The outbreak at Heartlands Hospital in Bordesley Green, between 25 May and 18 June 2014, saw 32 staff and patients infected.
Five of those patients, who were seriously ill, later died, but salmonella was not directly responsible, the report said.
The outbreak was traced to contaminated eggs produced in Bavaria, Germany.
Prof Eric Bolton's report found inadequately equipped wards, unmonitored food preparation, and poor cleaning helped it spread.
Swabbing across 20 sites in the hospital found salmonella on a food trolley
The main part of the outbreak was the 14 cases on the Beech and Rowan wards, which dealt with orthopaedic trauma and surgical patients.

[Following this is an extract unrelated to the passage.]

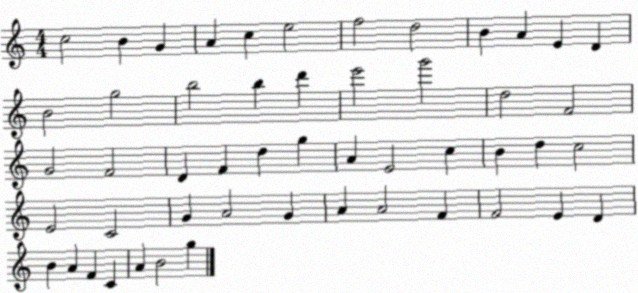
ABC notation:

Poor cleaning was blamed for the spread of the illness in the wards, the report commissioned by Heartlands Hospital said.
G4S were contracted to clean at Heartlands, although the report said "There was no evidence that this difference in service provision contributed in anyway to the salmonella outbreak."
Initial swabbing found a food trolley in the Beech ward, left near a toilet, to be contaminated with salmonella.
There were staff shortages on the two wards, which led to them feeling a sense of "blame and isolation".
"On reflection these staff were taking the brunt of the salmonella infection issues and became a little demoralised during the outbreak," the report said.
A trust spokesman said: "The trust initiated a full and detailed multi-disciplinary investigation, which identified that the hospital was thorough and timely and interventions were put in place.
"The safe care of patients remains our priority and using the learning outcomes from the outbreak, steps are being taken to prevent this from happening again including a review of infection control and cleaning services."